Texto e foto Firmino Paixão
“Oh, meu Deus!”, o Nilton David é já um “alentejano dos quatro costados’”. Um “alentejano” que foi nascer na freguesia de Altura (Castro Marim), há 45 anos, mas, num primeiro momento, por questões profissionais, subiu a planície transtagana e fixou-se em Beja. Corria o ano de 1993. Num segundo momento foi “traído” pelo coração, conheceu a noiva, casou e já tem um filho bejense. Já lhe ouvimos dizer: “Nós, os alentejanos…”. “Já me sinto um alentejano”, confessa, sem preconceitos.
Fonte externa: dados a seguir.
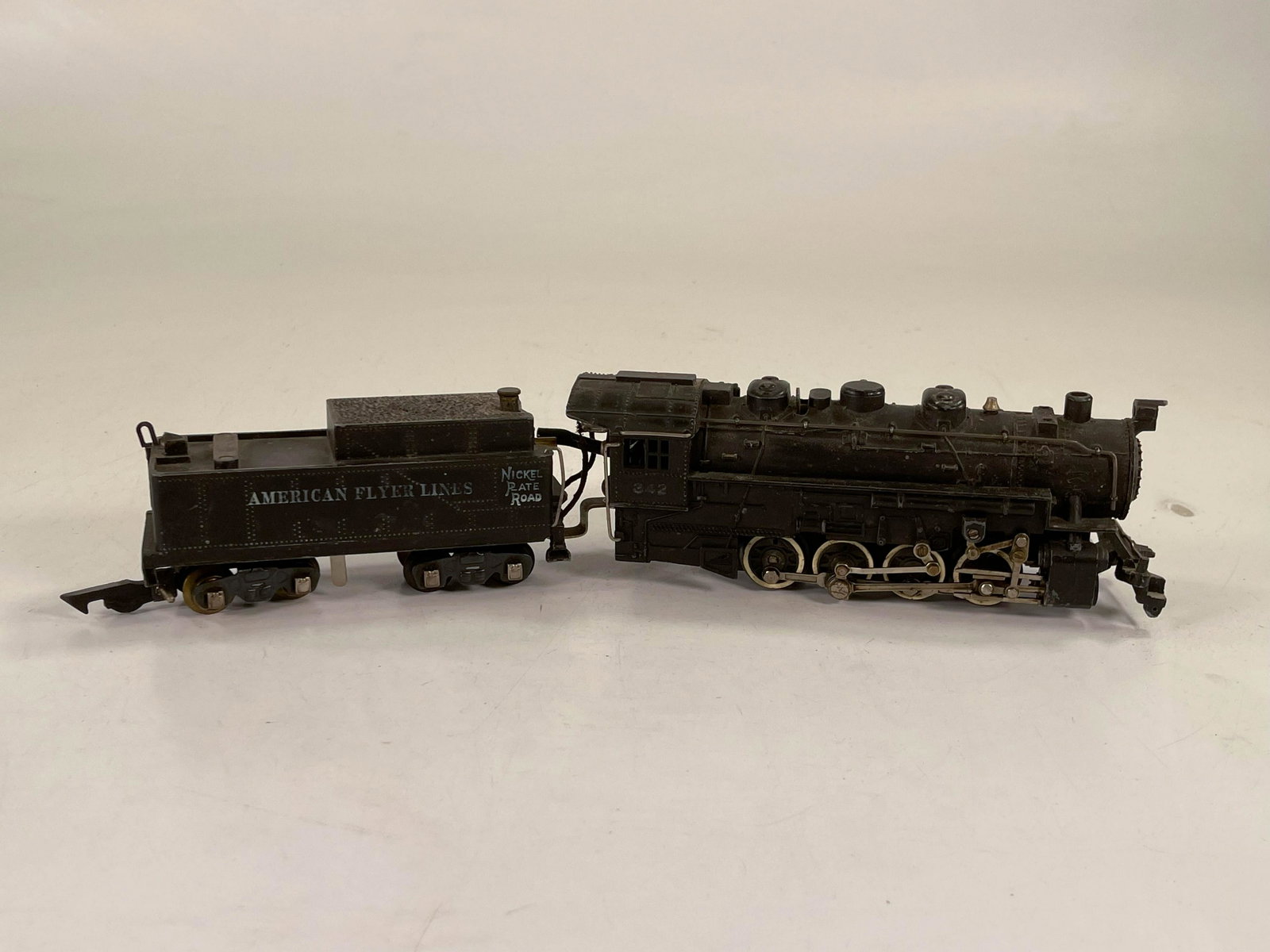 American Flyer S Gauge by Gilbert #342 Nickel Plate: American Flyer S Gauge by Gilbert #342 Nickel Plate Road Locomotive and Tender, both in C6.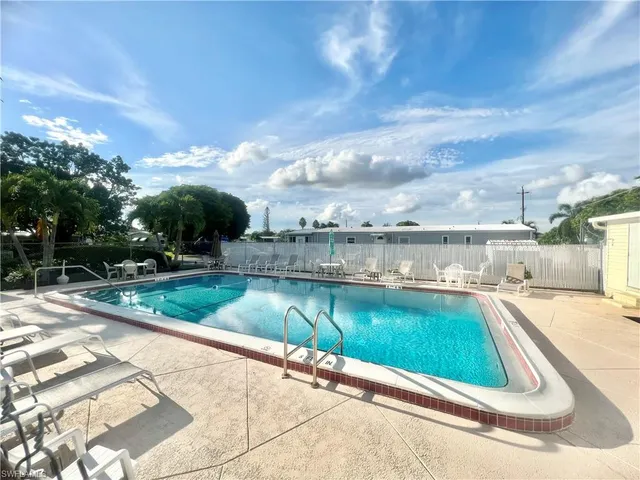 $1,600 | 112 Cape Sable Drive, Naples, FL 34104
Adepto da atividade física, faz natação e BTT, mas diz que o atletismo é a sua grande paixão. Por convite de um primo, fez a sua primeira meia-maratona em 2006. “O trail veio depois, foi uma descoberta”, revela. “O Carlos Rocha, um amigo, também atleta, disse-me que existia uma prova de 70 quilómetros, na serra da Freita. Estávamos em 2010, já corríamos os dois, dávamos as nossas voltinhas, mas nada de muito extenso. Quando lá fui não cheguei aos 70 quilómetros, fiquei pelos 50. Foi muito duro, mas muito bonito. A partir daí fui sempre melhorando, para tentar fazer provas maiores e ver um pouco da paisagem no interior do País”.
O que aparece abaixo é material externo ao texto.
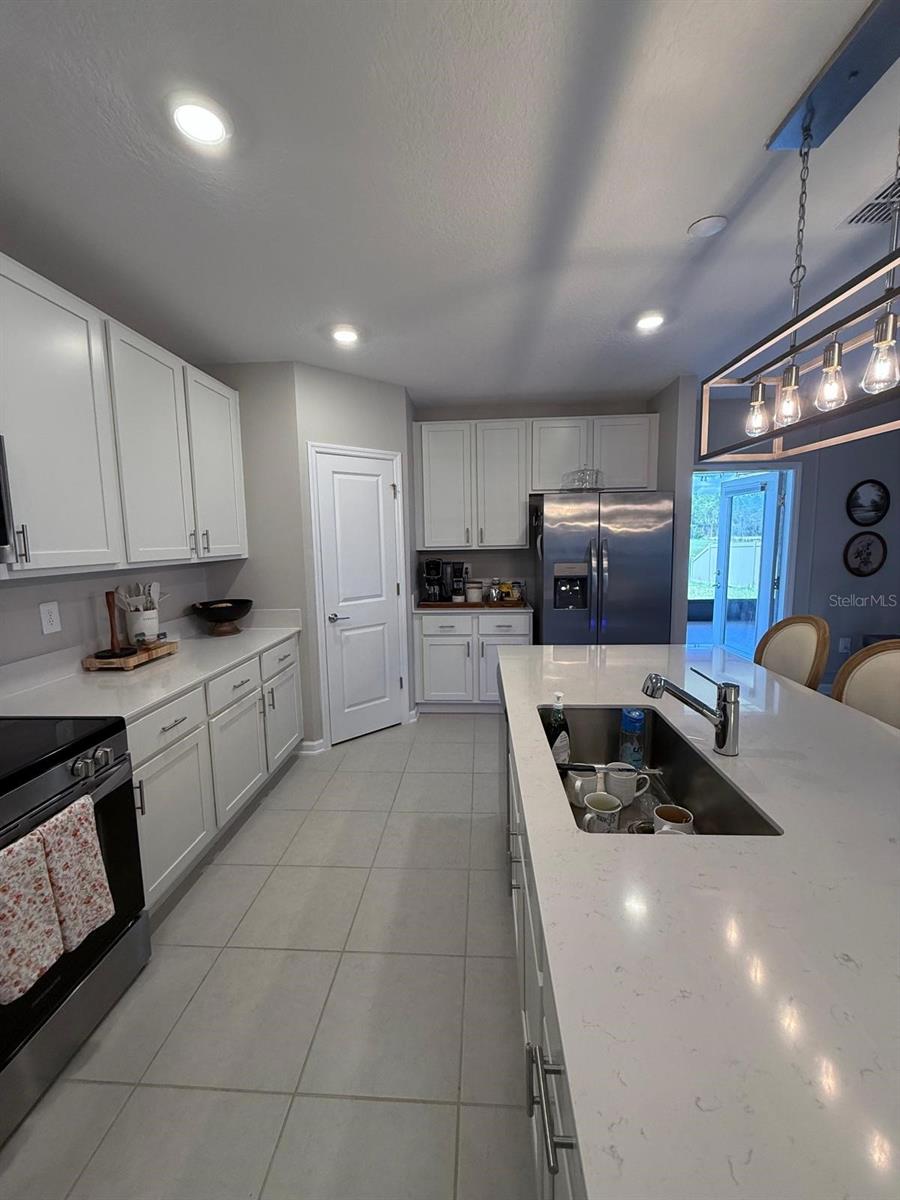 WESTVIEW 40S - Residential Lease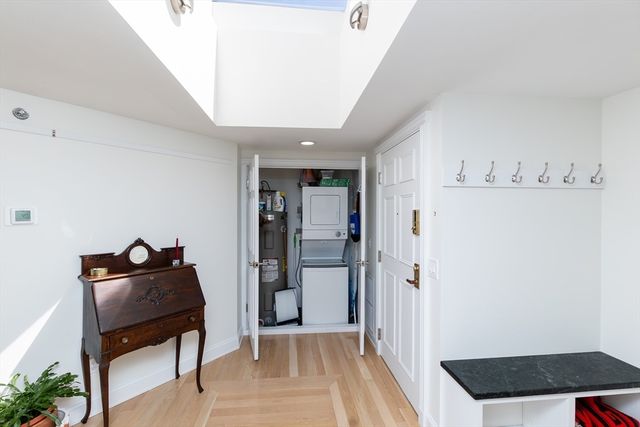 1 Seal Harbor PH16, Winthrop, MA 02152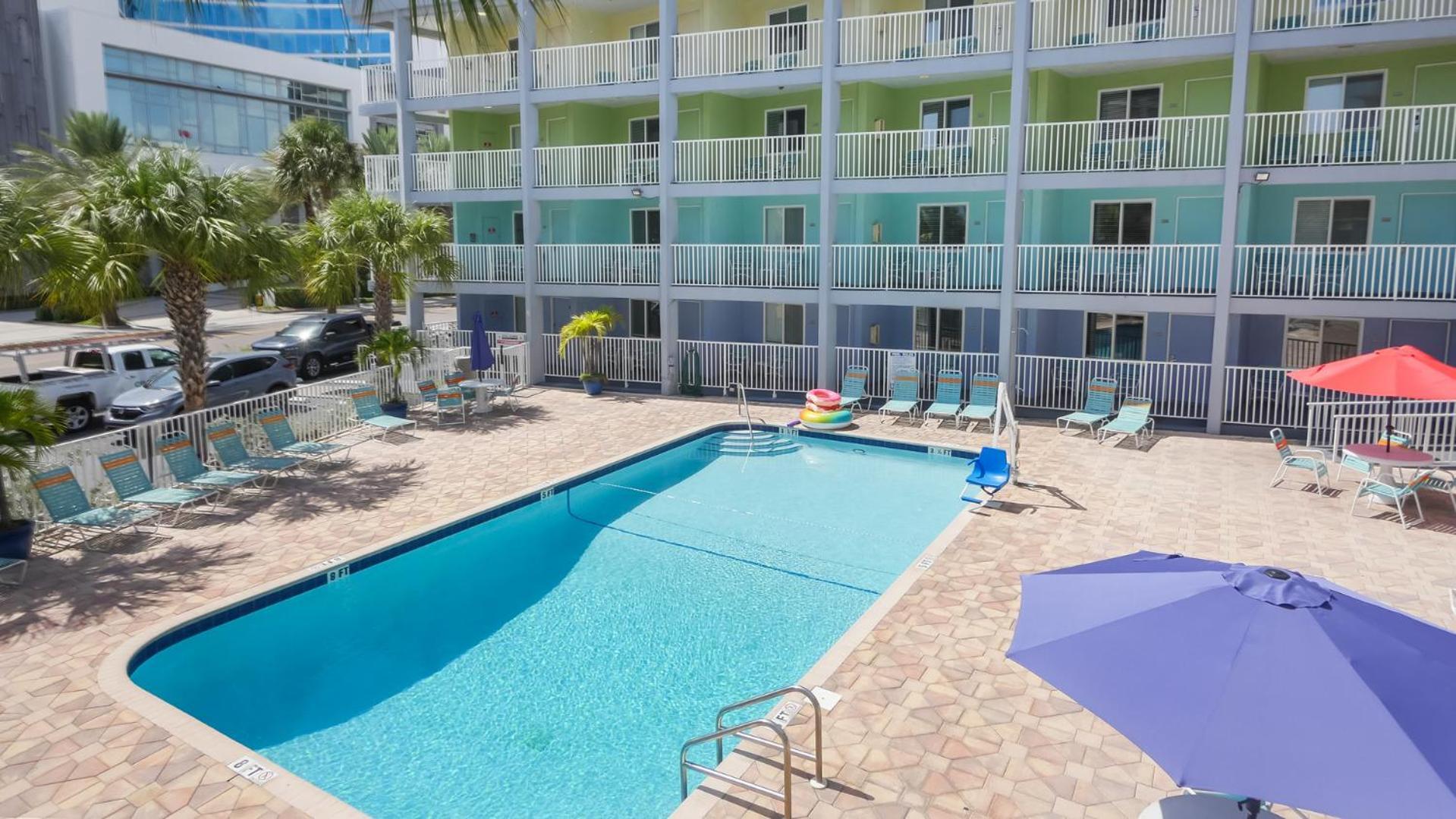 Pelican Pointe Clearwater Motel 3*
Não tardou a aceitar maiores desafios, provas mais longas: “Sempre tentando superar-me, porque, nessas distâncias, corremos contra nós próprios. As corridas são feitas de pequenos detalhes, temos de ir afinando as coisas que nos incomodam, que nos fazem parar, afinando o corpo, para que possamos aguentar, chegando ao fim bem-dispostos, não sofrendo, nem ficando com vontade de nunca mais vermos as sapatilhas à frente”.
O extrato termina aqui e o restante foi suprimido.